En un ejemplo de lo tensas que se han puesto las cosas, a finales de mayo, los supervisores del condado de Santa Cruz dieron por terminada brevemente una reunión pública en la que se estaba hablando sobre la reapertura del condado cuando el dueño de una pizzería al acercarse al micrófono se fue hacia un lado y comenzó a caminar hacia la oficial de salud del condado. De acuerdo con lo publicado en el Santa Cruz Sentinel, el dueño de la pizzería dijo a los supervisores que solo estaba tratando de leer el nombre de la oficial, pero los supervisores prefirieron no arriesgarse.

“Nos preocupa enormemente que la política esté triunfando sobre el interés público en alguno de estos casos y que esto resulte en que se comprometa la salud del público en general”, afirmó en unas declaraciones el doctor Peter Bretan Jr, presidente de la Asociación Médica de California.

Casi nueve de cada diez personas en California están de acuerdo en que las órdenes de quedarse en casa son necesarias para proteger la salud pública, de acuerdo con encuestas realizadas por California Health Care Foundation. De todos modos, las encuestas muestran que un 38% de las personas en California creen que las regulaciones por la COVID-19 “son excesivas”.

CNBC fue la primera cadena en anunciar que la ex funcionario de salud del condado de Santa Barbara, la doctora Charity Dean, que se había convertido en la número dos en el Departamento de Salud Pública del estado, había presentado su dimisión el 4 de junio.
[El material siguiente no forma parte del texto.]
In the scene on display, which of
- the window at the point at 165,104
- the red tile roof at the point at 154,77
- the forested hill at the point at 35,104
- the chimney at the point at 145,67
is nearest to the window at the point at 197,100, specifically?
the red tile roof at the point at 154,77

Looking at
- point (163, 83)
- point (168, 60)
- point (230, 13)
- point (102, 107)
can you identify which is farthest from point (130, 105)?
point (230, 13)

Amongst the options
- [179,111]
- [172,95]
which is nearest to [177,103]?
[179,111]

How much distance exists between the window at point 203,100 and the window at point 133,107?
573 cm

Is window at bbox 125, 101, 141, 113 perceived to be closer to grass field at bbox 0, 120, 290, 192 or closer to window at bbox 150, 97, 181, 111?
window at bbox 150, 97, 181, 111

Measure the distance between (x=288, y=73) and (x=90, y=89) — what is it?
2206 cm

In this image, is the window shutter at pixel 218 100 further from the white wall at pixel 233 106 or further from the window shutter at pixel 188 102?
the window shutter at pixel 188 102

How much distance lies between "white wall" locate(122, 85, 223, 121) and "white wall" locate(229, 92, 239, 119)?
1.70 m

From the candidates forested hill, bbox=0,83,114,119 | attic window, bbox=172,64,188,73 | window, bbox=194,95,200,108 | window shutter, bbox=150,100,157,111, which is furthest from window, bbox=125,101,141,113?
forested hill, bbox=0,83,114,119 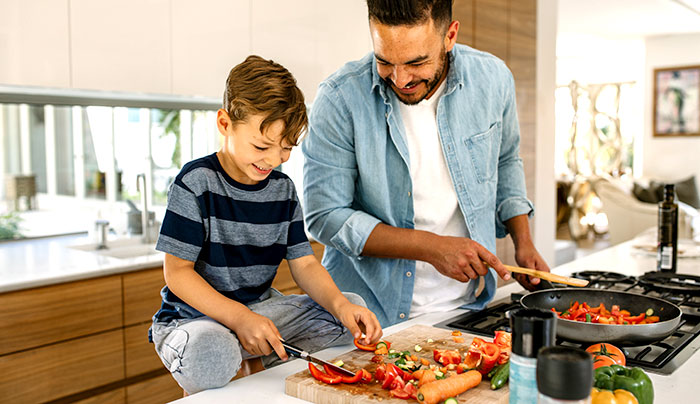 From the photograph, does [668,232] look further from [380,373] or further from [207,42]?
[207,42]

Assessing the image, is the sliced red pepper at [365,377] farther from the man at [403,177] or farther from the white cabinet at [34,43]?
the white cabinet at [34,43]

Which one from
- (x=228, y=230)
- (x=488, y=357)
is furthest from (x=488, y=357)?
(x=228, y=230)

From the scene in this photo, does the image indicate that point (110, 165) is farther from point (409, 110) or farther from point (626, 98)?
point (626, 98)

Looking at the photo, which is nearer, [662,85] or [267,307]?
[267,307]

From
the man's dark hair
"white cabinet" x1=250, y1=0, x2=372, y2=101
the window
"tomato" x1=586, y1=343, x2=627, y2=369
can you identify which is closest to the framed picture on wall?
"white cabinet" x1=250, y1=0, x2=372, y2=101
Unos días después, envió un tuit en el que animaba a otros funcionarios de salud.

El senador estatal Richard Pan, un pediatra que recibió amenazas de muerte y a quien un activista empujó por ser el artífice de leyes relacionadas con las vacunas infantiles, describió el acoso que reciben los funcionarios de salud pública en todo el estado como algo “vergonzoso”.  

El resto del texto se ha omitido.